● **Required action**:
Every picture should be left out, but the lines below must be repeated exactly.

(Data records)
##############################

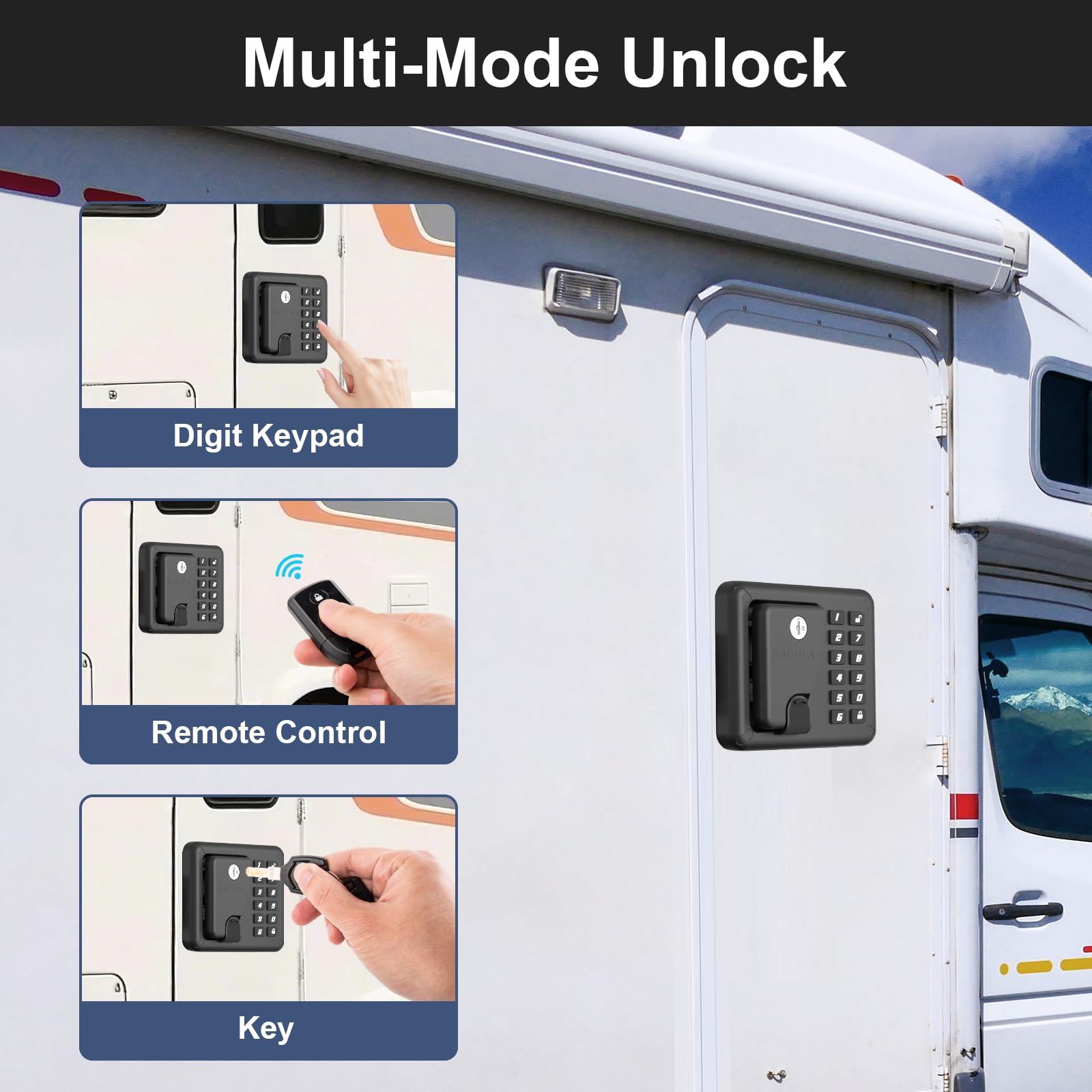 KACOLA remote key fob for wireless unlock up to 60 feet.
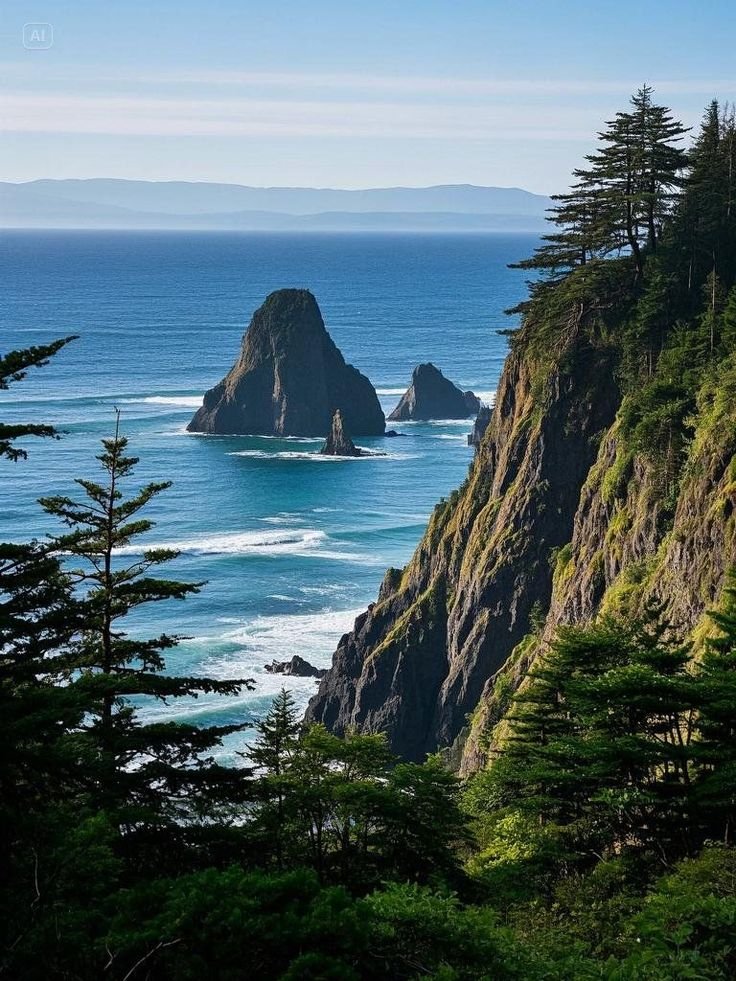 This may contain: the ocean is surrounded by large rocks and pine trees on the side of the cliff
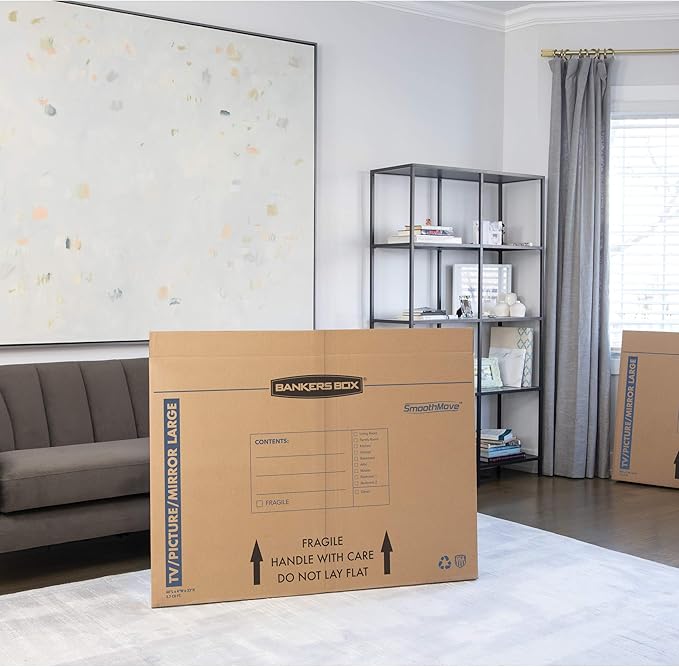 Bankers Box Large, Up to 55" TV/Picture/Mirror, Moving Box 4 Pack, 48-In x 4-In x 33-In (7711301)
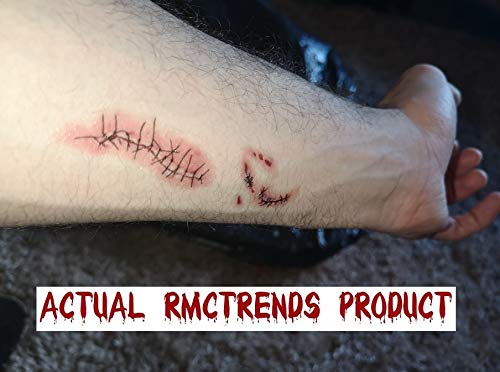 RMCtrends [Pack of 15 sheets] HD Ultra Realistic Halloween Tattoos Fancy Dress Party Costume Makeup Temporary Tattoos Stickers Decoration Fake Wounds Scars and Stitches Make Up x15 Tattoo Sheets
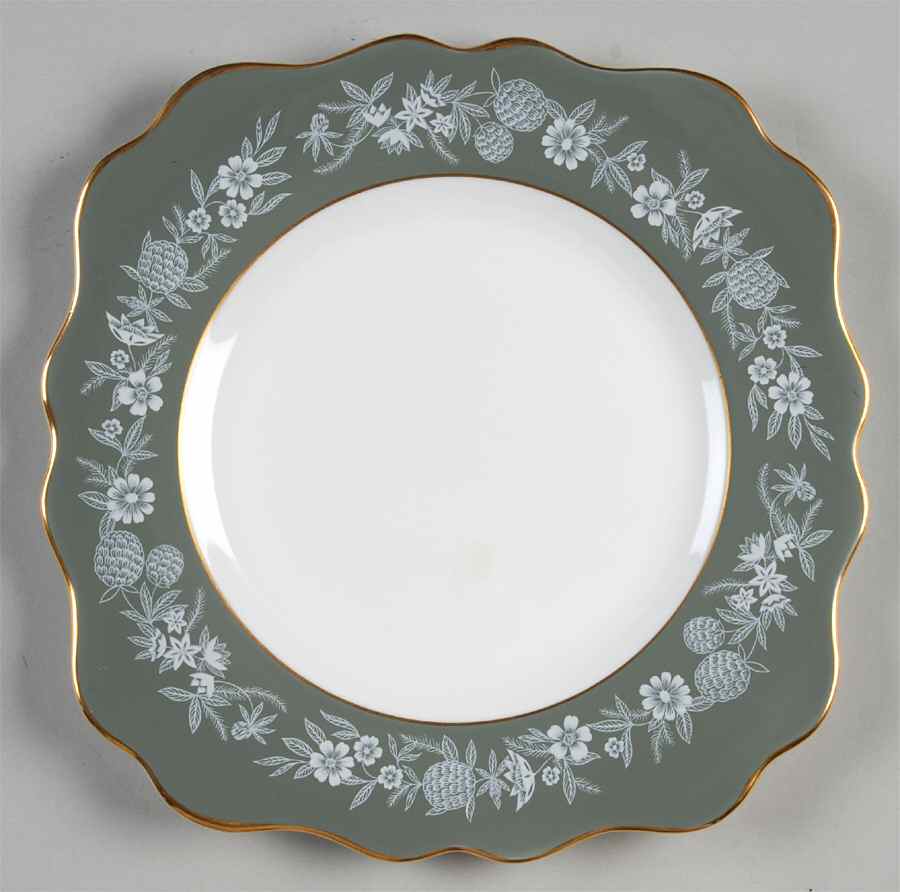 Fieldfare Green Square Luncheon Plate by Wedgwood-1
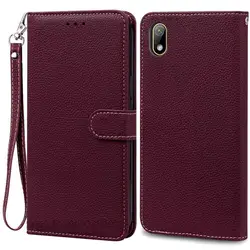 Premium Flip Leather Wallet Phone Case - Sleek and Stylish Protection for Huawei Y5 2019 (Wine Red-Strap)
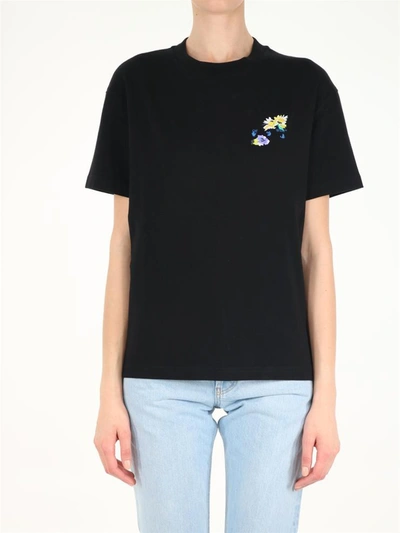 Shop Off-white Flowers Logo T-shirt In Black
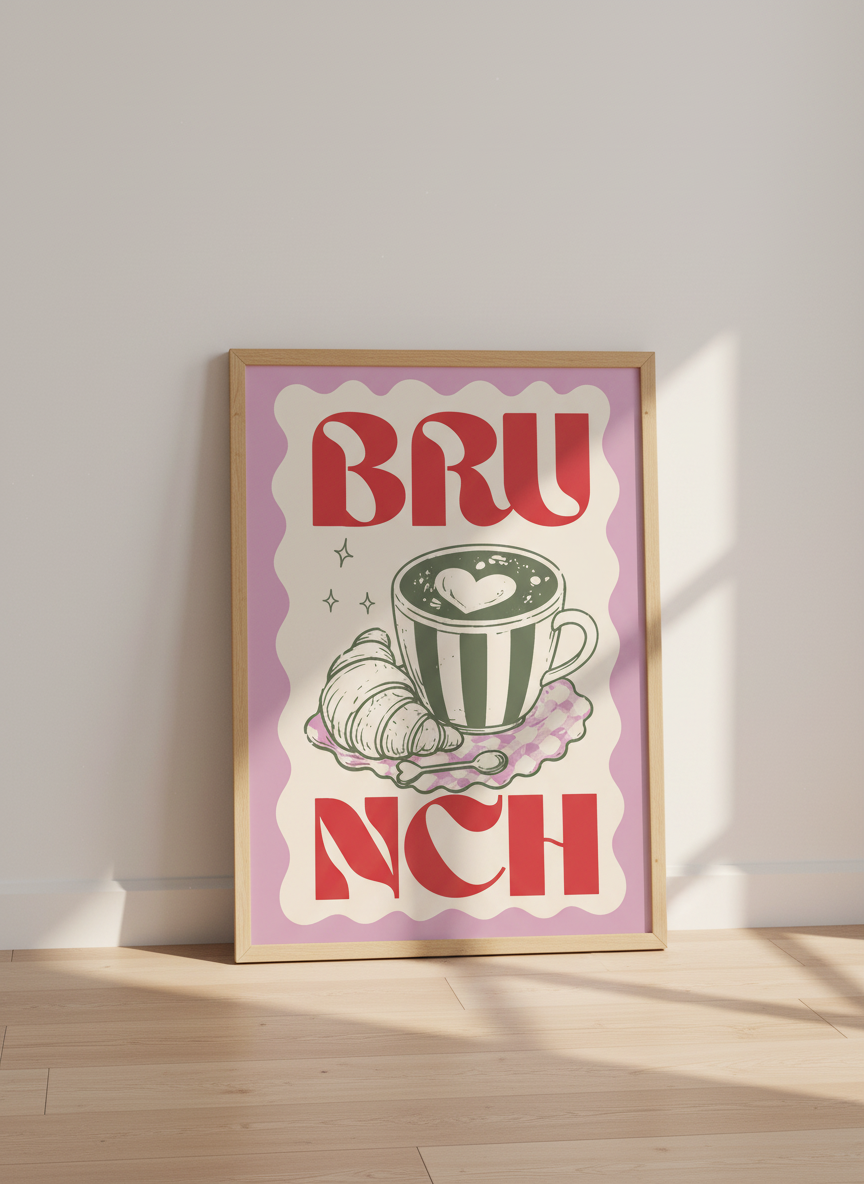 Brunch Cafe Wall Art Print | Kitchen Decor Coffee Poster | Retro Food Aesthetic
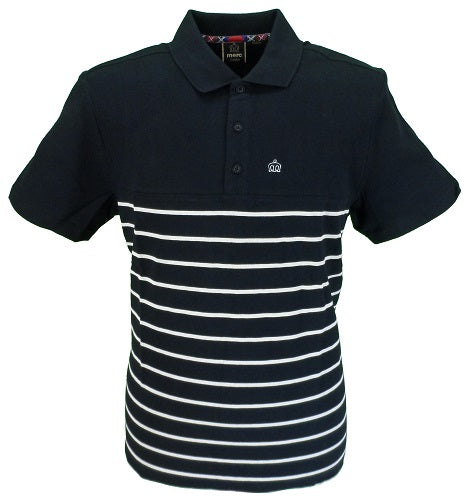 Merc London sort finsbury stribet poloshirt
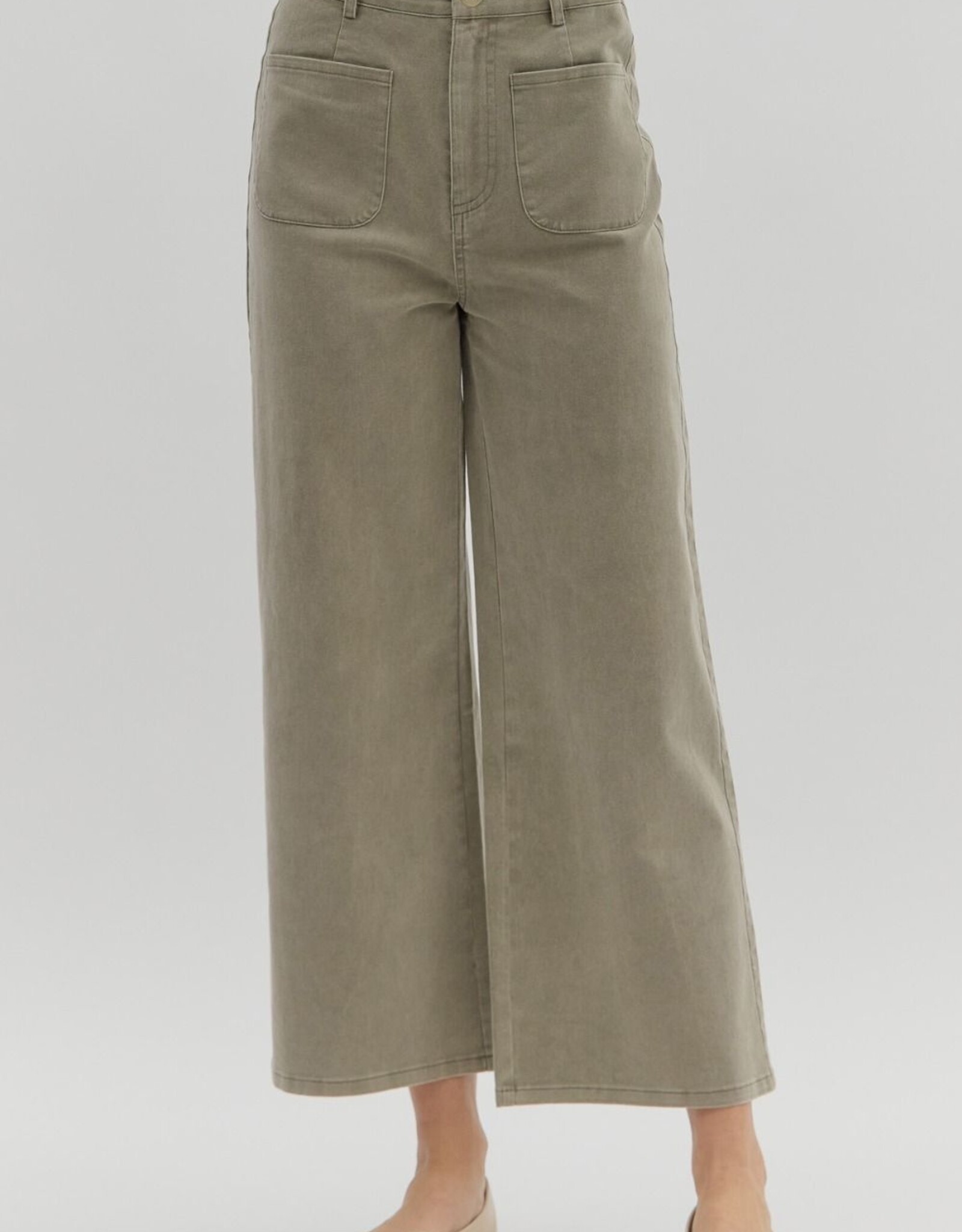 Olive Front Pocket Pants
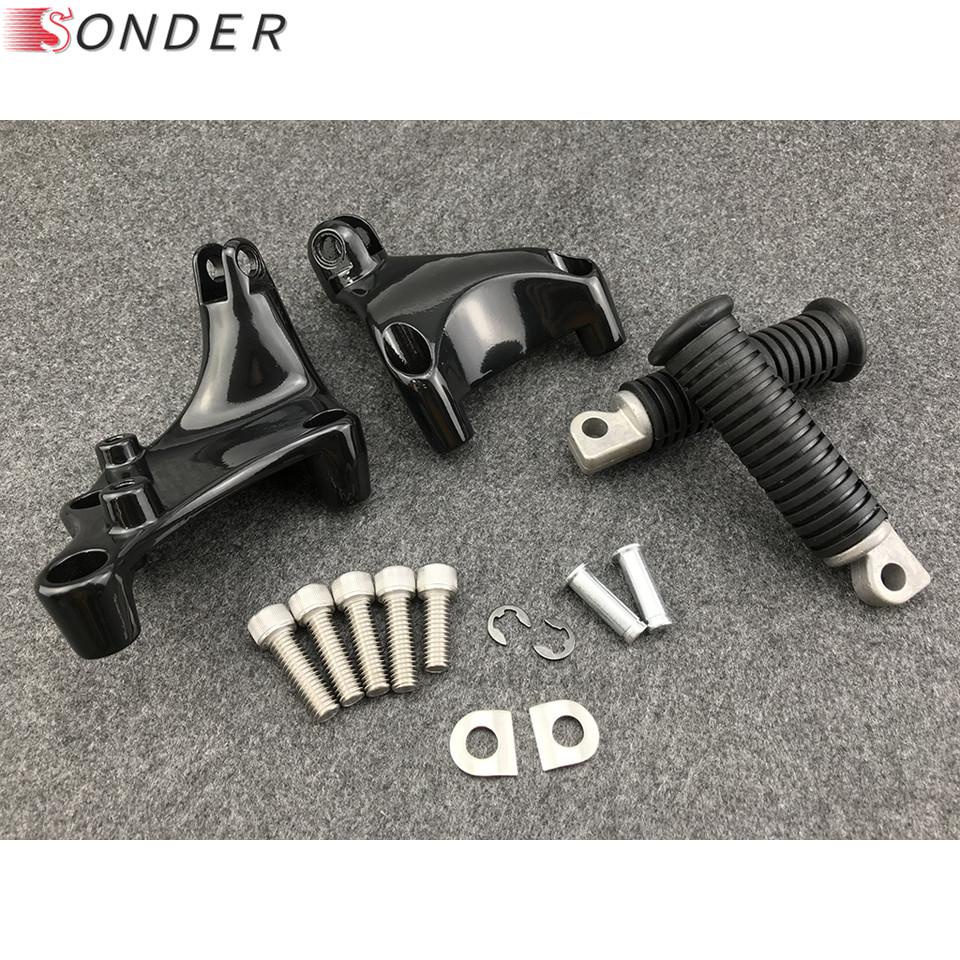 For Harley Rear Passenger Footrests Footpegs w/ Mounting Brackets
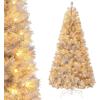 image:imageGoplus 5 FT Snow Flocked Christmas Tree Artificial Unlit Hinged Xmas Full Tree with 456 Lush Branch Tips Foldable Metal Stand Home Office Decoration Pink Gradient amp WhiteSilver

##############################

● **Solution to the problem**:
 KACOLA remote key fob for wireless unlock up to 60 feet.
 This may contain: the ocean is surrounded by large rocks and pine trees on the side of the cliff
 Bankers Box Large, Up to 55" TV/Picture/Mirror, Moving Box 4 Pack, 48-In x 4-In x 33-In (7711301)
 RMCtrends [Pack of 15 sheets] HD Ultra Realistic Halloween Tattoos Fancy Dress Party Costume Makeup Temporary Tattoos Stickers Decoration Fake Wounds Scars and Stitches Make Up x15 Tattoo Sheets
 Fieldfare Green Square Luncheon Plate by Wedgwood-1
 Premium Flip Leather Wallet Phone Case - Sleek and Stylish Protection for Huawei Y5 2019 (Wine Red-Strap)
 Shop Off-white Flowers Logo T-shirt In Black
 Brunch Cafe Wall Art Print | Kitchen Decor Coffee Poster | Retro Food Aesthetic
 Merc London sort finsbury stribet poloshirt
 Olive Front Pocket Pants
 For Harley Rear Passenger Footrests Footpegs w/ Mounting Brackets
 image:imageGoplus 5 FT Snow Flocked Christmas Tree Artificial Unlit Hinged Xmas Full Tree with 456 Lush Branch Tips Foldable Metal Stand Home Office Decoration Pink Gradient amp WhiteSilver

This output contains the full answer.